Retail sales rose 7.8 percent in January from a year earlier, helped by higher fuel prices. The increase beat the 3.2-7.6 percent growth forecast by economists polled by Thomson Financial.
Sentiment was also helped by Wall Street's overnight gains after Standard and Poor's (NYSE:MHP) Ratings Services said the massive subprime asset writedowns by financial companies may soon end.
S&P increased its estimate of writedowns of subprime asset-backed securities to 285 billion dollars globally from its previous projection of 265 billion dollars, but said 'the end of writedowns is now in sight for large financial institutions.' The benchmark Straits Times Index gained 33.46 points or 1.2 percent at 2,839.01, off a high of 2,852.85. For the week, the index was down about 1.0 percent.
Gainers outnumbered decliners 305 to 266 with 1,090 shares traded.

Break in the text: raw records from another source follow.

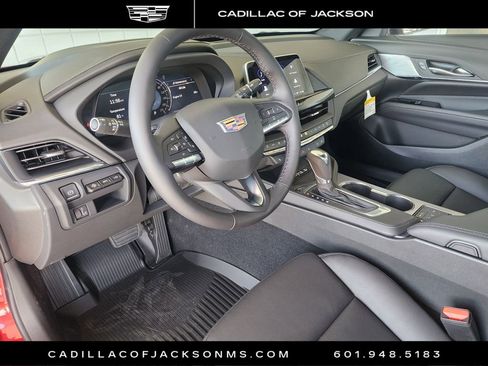 New 2025 Cadillac CT4 Premium Luxury image 12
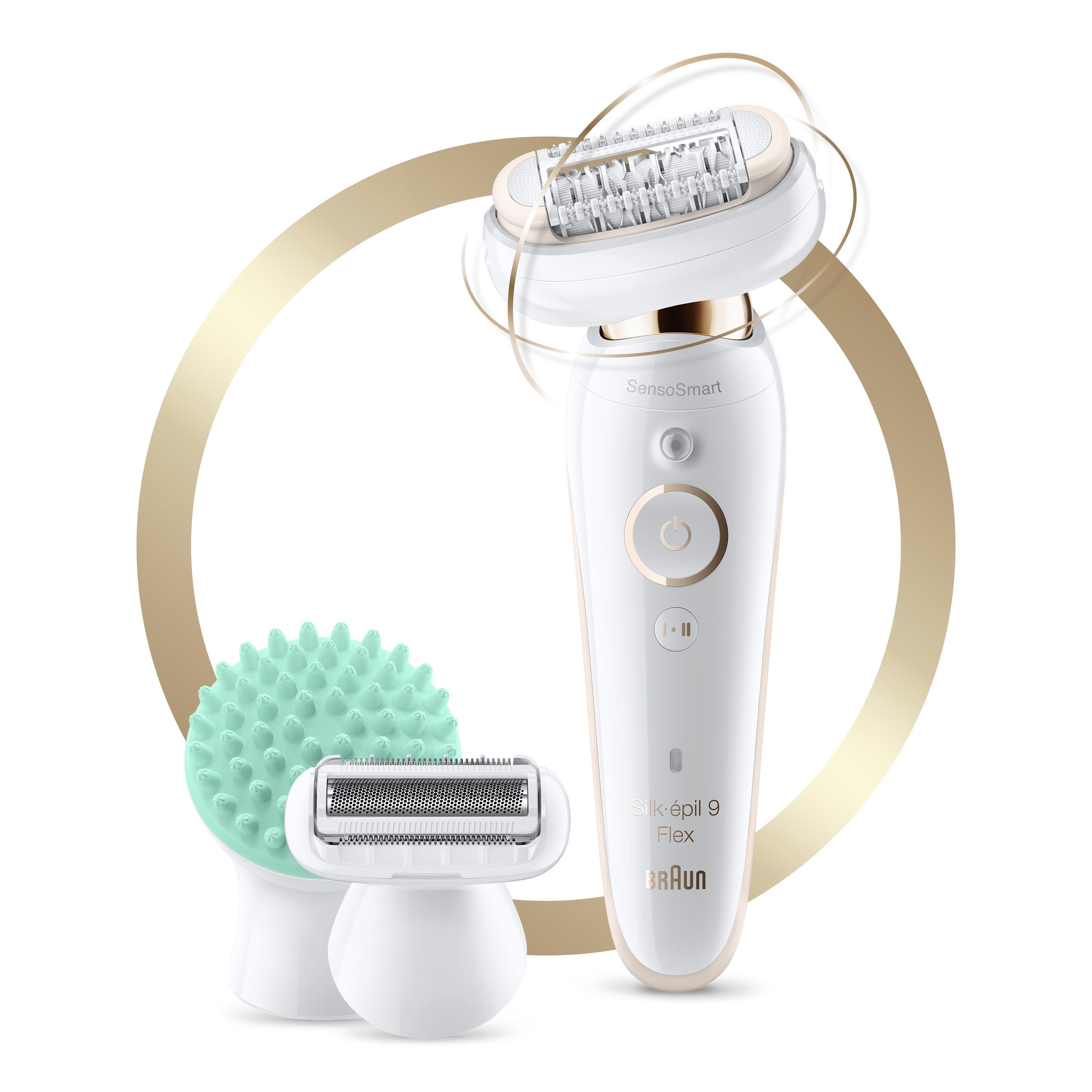 Braun - Silk-épil 9 Flex 9020 Epilator
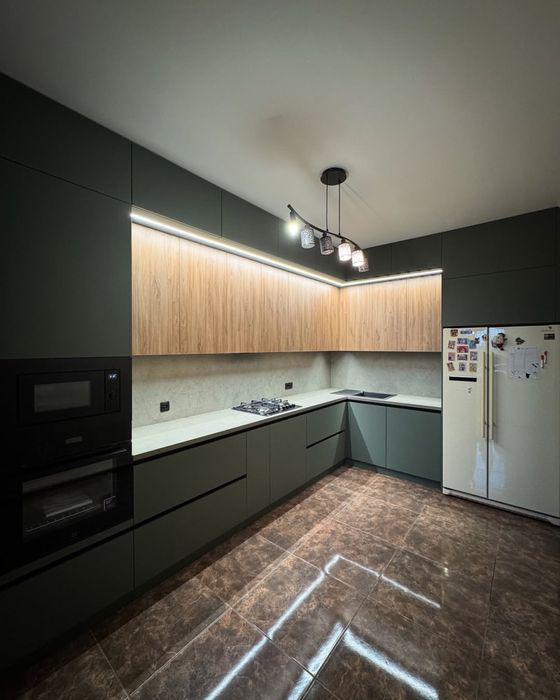 Кухни мебель на заказ в Ташкенте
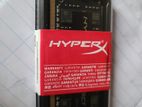 Hyper X DDR4 8GB 3200MHz Ram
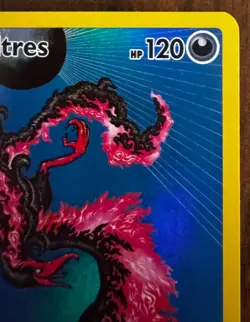 Galarian Moltres SWSH284 SWSH: Sword & Shield Promo Cards Holo - Image 3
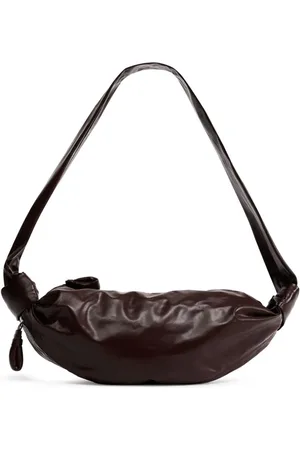 LEMAIRE Bolso de hombro Soft Croissant pequeño
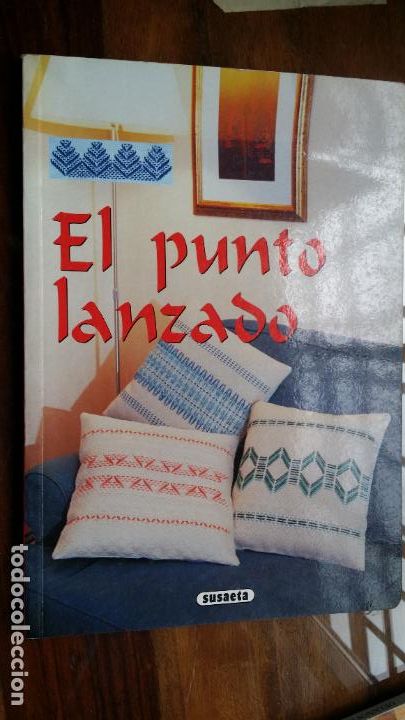 Libros de segunda mano: El punto lanzado, Susaeta - Foto 1
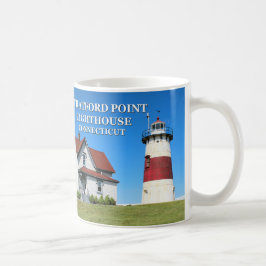 Stratford Point Lighthouse, Connecticut Mok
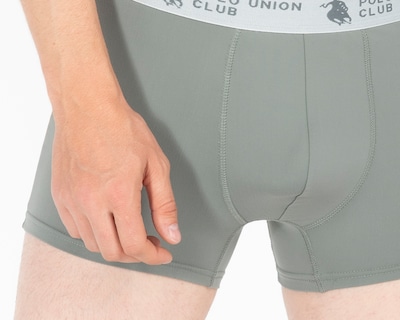 Foto 4 | Foto 4 | Bóxer Corto Polo Union Club para Hombre 3 Piezas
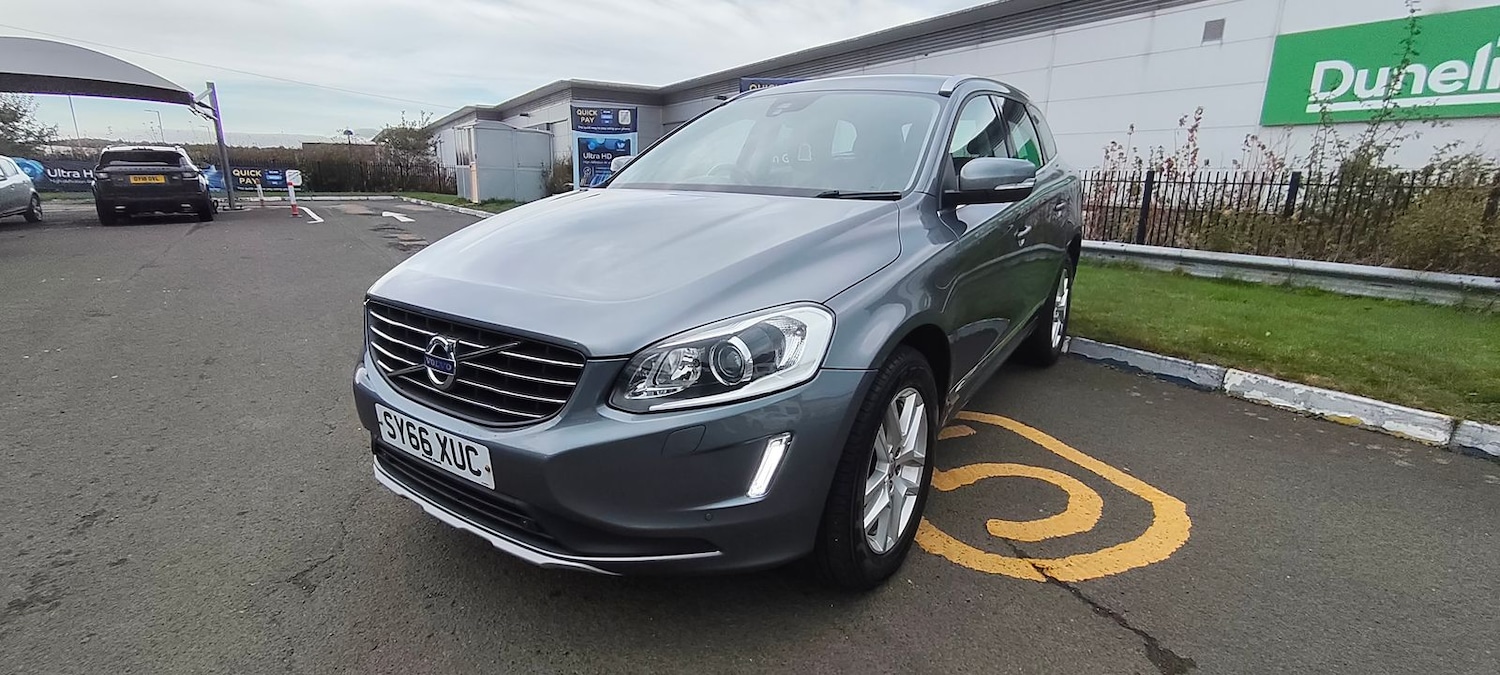Used Volvo XC60 2016 for sale - 76203661: Photo 1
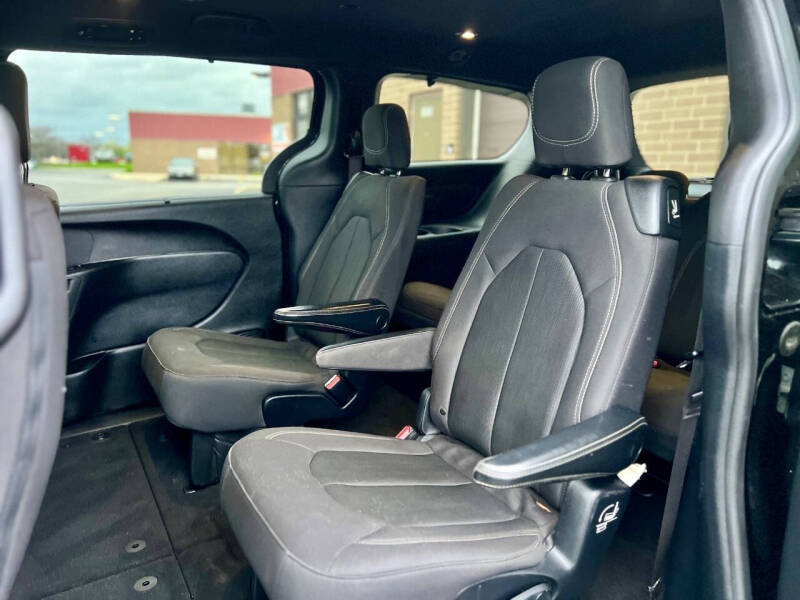 2019 Chrysler Pacifica Touring Plus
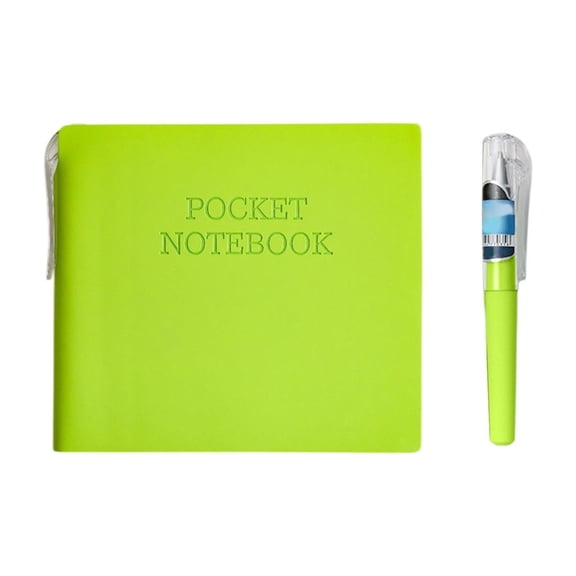 Bulk Notebooks with Pens, Hardcover Journal Set for Students, Office Meetings Notes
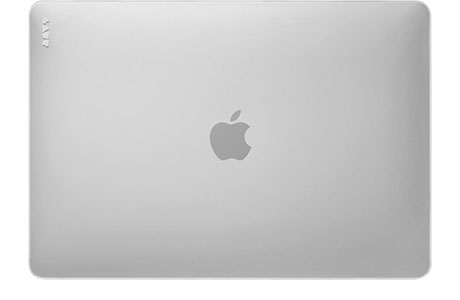Чехол-накладка Laut HUEX для 13 MacBook Air (2018) LAUT_13MA18_HX_F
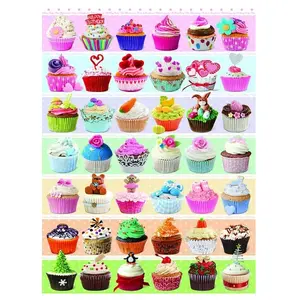 Puzzle Eurographics - Cupcake Celebration, 1000 pièces pas cher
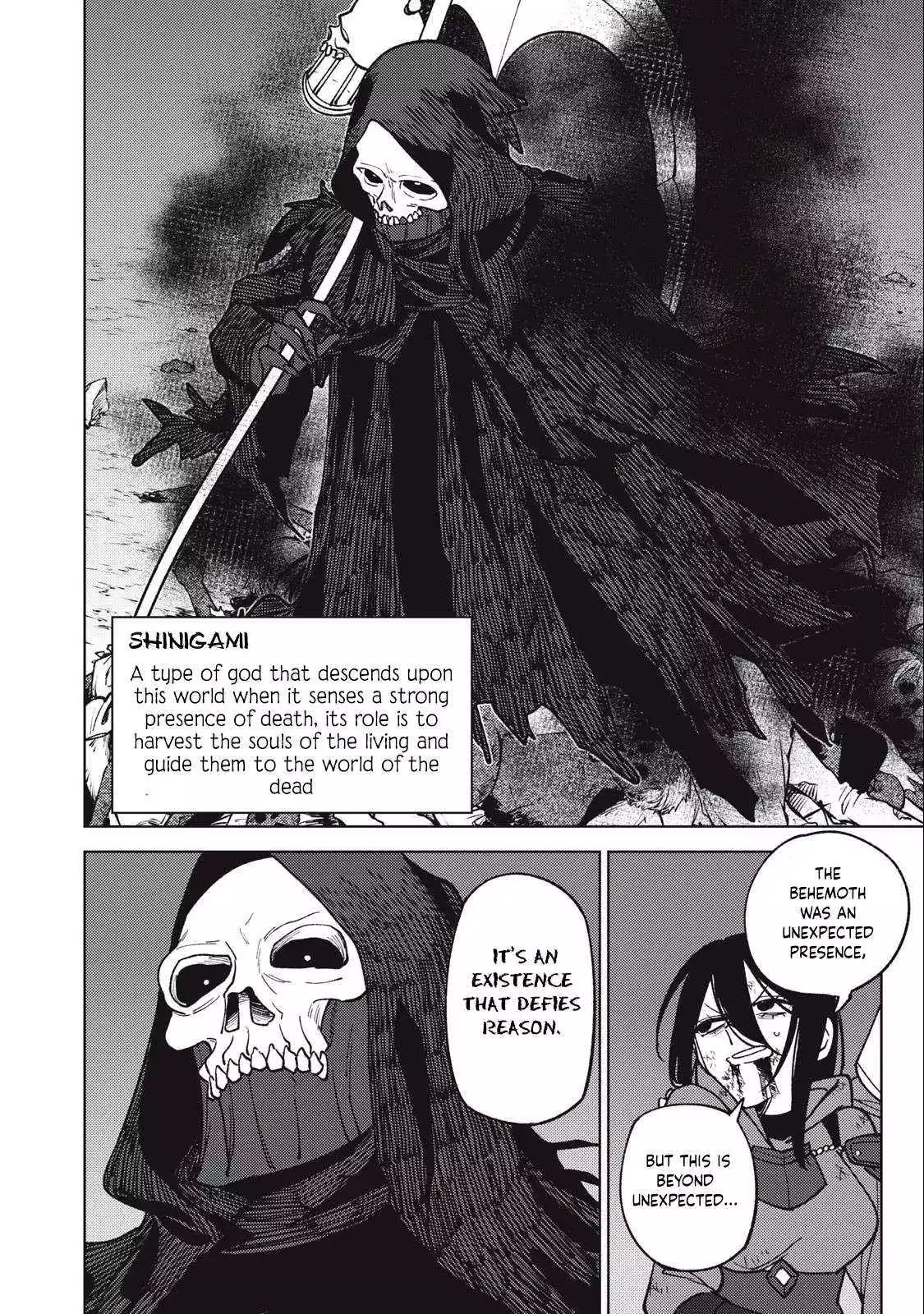 My S-Rank Party Fired Me for Being a Cursificer ~ I Can Only Make “Cursed Items”, but They're Artifact Class! Chapter 27.1 page 16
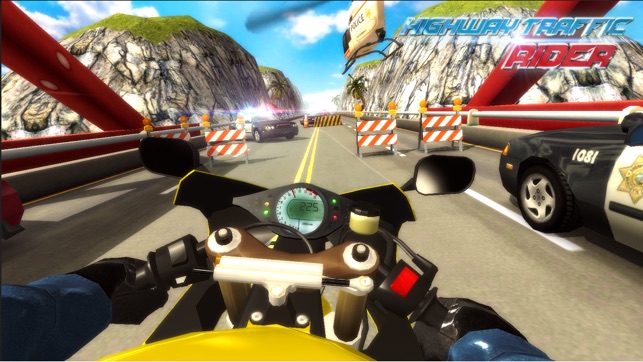 Highway Traffic Rider 3D(圖3)-速報App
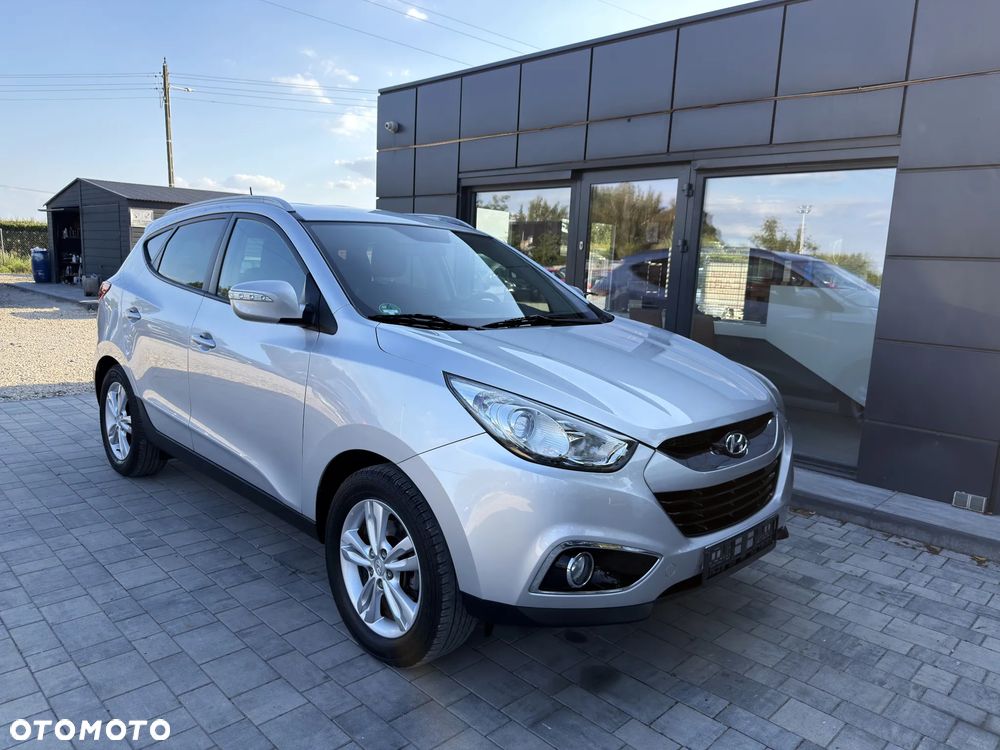 Hyundai ix35 2.0 Premium 2WD - 15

There were 1.34 billion shares traded valued at 1.33 billion Singapore dollars.
'As we don't foresee a recession in the Singapore economy, despite our view that the US has already entered a recession, we believe that the market might have neared its bottom,' Westcomb Securities said in a note to clients.
While the January retail sales data indicated that the domestic economy continues to grow, Standard Chartered Bank economist Alvin Liew said the data was largely bolstered by higher prices, particularly of petroleum products.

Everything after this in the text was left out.